Finding such a set is not that hard: we need to first sort each clause according to its literals, then sort the list of clauses according to their sizes and variable contents and then go through the list of clauses linearly. If you think through the first two steps, you will see that it ensures that the above 4 clauses are next to each other in the list of clauses, making it trivial to find them.

Improved XOR recovery

There is only one small glitch with the algorithm above: other sets of clauses can also make up XORs. For example, this set of clauses:
$\neg a \vee b \vee c$
$a \vee \neg b \vee c$
$a \vee b \vee \neg c$
$\neg a \vee \neg b$

Notice that all I took away was one literal from one clause. Now, if a CNF implies $\neg a \vee \neg b$ it must surely also imply $\neg a \vee \neg b \vee \neg c$ since this latter one is less stringent than the first one. So, we could easily have it inside our CNF, but we don’t for reasons of lazyness: who wants to keep around data that is implied by unit propagation already? However, keeping in mind that the second, less stringent clause is implied by the first one is important: it could lead to the discovery of more XORs.

Results

Let’s move on to the magical territory of practical SAT solving. Let’s first take a typically industrial problem, UTI-20-10p0:

$./cryptominisat_old UTI-20-10p0.cnf
[...]
c Finding non-binary XORs:     0.10 s (found:       0, avg size: -nan)

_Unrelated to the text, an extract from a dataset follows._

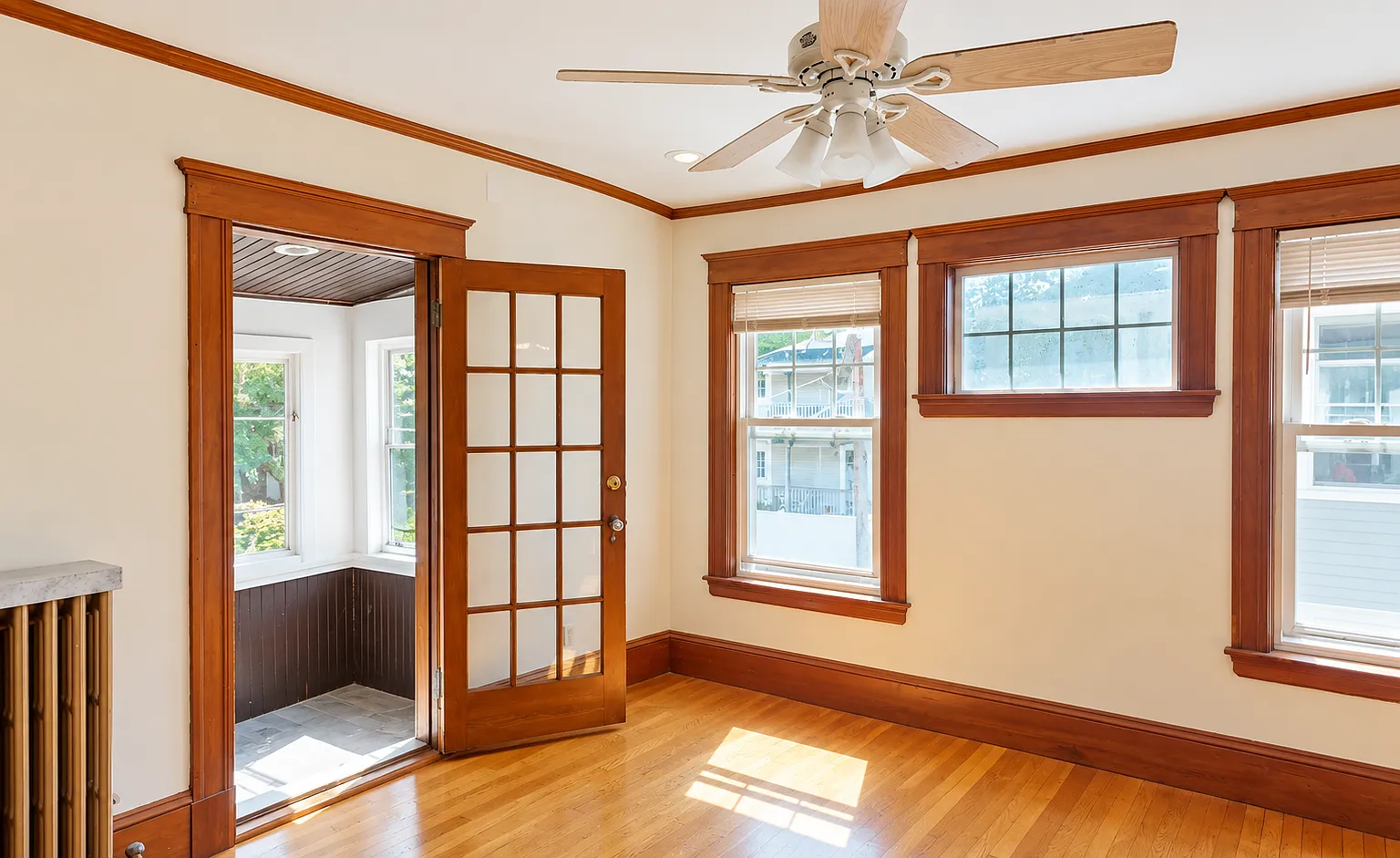 3 bed, 9999 sqft, $3,400 — Photo 2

The old, 2.9.0 CryptoMiniSat seems to have no luck at finding any XOR clauses. This is very typical: industrial instances seem not to contain any XOR clauses at all. Let’s look at the new algorithm now:

$./cryptominisat_new UTI-20-10p0.cnf
[...]
c XOR finding finished. Num XORs:   9288

All right, that seems better.

Edited to add: Thanks to Vegard Nossum for telling me something was odd with XOR recovery. As usually is the case, answering a question is much easier than knowing what question to ask.

Edited to add2: The above algorithm can be easily improved by using cached literals and stamping.